Role of propane sultone as an additive to improve the performance of a lithium-rich cathode material at a high potential

Abstract

This study presents the use of 1,3-propane sultone (PS) in the [EC–DMC + 1 mol L⁻¹ LiPF₆] electrolyte as a protective additive for the Li-rich-NMC xLi₂MnO₃–(1 − x)LiMO₂ (x ≫ 1; M = Ni, Co, Mn) cathode–electrolyte interface during cathode material activation and cycling at a high potential (5 V vs. Li). The results showed that the presence of 1% PS (w/w) ensured complete and better electrode activation during the first cycle than EC–DMC + 1 mol L⁻¹ LiPF₆. Thus, Li//Li-rich-NMC half-cell and Gr//Li-rich-NMC full-cell provided capacities as high as C = 330 mA h g⁻¹ during charge and C = 275 mA h g⁻¹ during discharge with a higher cut-off voltage of 5 V. Measurements by cyclic voltammetry demonstrated that activating at such a voltage enhanced the redox activity from Li₂MnO₃ activation. At same time, the contribution of nickel and cobalt electroactivity is decreased at their regular voltage. This feature was attributed to structural modifications occurring on the surface to the bulk of the material.

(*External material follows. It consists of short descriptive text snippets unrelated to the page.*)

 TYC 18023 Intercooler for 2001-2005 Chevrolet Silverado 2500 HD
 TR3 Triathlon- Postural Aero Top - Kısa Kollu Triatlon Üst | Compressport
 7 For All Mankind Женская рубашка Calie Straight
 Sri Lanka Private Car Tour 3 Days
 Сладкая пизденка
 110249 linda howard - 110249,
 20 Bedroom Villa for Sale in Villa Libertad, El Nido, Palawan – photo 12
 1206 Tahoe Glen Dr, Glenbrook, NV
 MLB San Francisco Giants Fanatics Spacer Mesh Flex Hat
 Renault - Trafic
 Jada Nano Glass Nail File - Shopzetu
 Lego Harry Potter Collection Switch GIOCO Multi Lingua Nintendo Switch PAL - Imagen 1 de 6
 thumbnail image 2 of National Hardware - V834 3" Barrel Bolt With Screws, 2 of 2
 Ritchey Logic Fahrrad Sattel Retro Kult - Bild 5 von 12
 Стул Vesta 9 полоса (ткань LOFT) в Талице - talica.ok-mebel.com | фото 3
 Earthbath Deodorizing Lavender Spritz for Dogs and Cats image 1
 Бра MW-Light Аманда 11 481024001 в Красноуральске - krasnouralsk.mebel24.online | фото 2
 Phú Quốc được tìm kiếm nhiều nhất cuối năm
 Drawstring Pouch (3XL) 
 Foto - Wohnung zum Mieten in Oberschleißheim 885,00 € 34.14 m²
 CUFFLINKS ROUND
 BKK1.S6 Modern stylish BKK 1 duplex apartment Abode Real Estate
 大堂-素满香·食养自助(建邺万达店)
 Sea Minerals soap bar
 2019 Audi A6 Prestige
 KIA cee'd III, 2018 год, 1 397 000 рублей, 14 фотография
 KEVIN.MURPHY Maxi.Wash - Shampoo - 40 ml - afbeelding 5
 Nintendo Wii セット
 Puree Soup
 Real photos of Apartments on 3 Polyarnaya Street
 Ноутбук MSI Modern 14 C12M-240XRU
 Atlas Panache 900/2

Long-cycling tests of Li//Li-rich-NMC half-cells with PS provided a higher reversible capacity and superior capacity retention (245 mA h g⁻¹ after 240 cycles) with good coulombic efficiency (99 ± 1%) and better high-discharge rate capability (above 180 mA h g⁻¹ at 1 C regime) than those obtained using conventional electrolytes without additive.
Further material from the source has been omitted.